### Data provided
▽
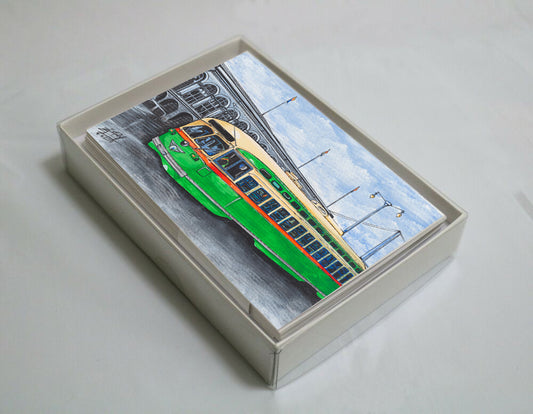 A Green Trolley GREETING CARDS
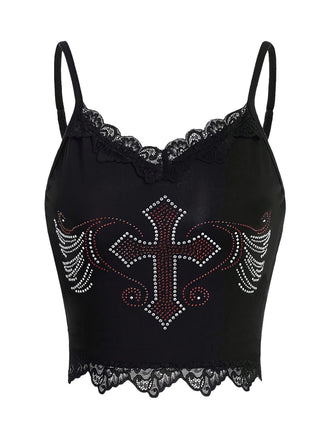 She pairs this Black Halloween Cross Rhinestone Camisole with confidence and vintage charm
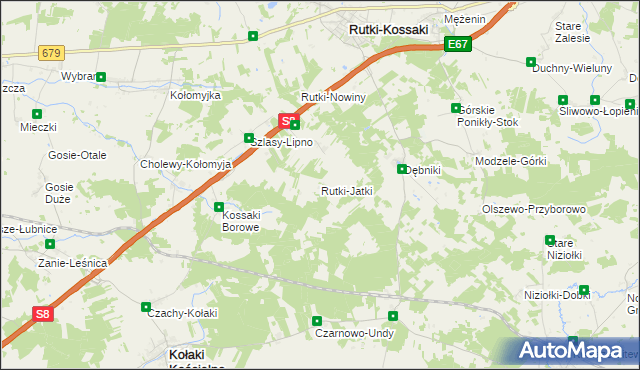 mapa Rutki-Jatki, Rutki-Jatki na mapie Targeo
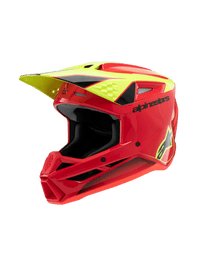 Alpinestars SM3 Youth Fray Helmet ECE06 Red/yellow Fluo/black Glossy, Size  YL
△
Return the whole listing, word for word, and leave out every picture.

### Response
 A Green Trolley GREETING CARDS
 She pairs this Black Halloween Cross Rhinestone Camisole with confidence and vintage charm
 mapa Rutki-Jatki, Rutki-Jatki na mapie Targeo
 Alpinestars SM3 Youth Fray Helmet ECE06 Red/yellow Fluo/black Glossy, Size  YL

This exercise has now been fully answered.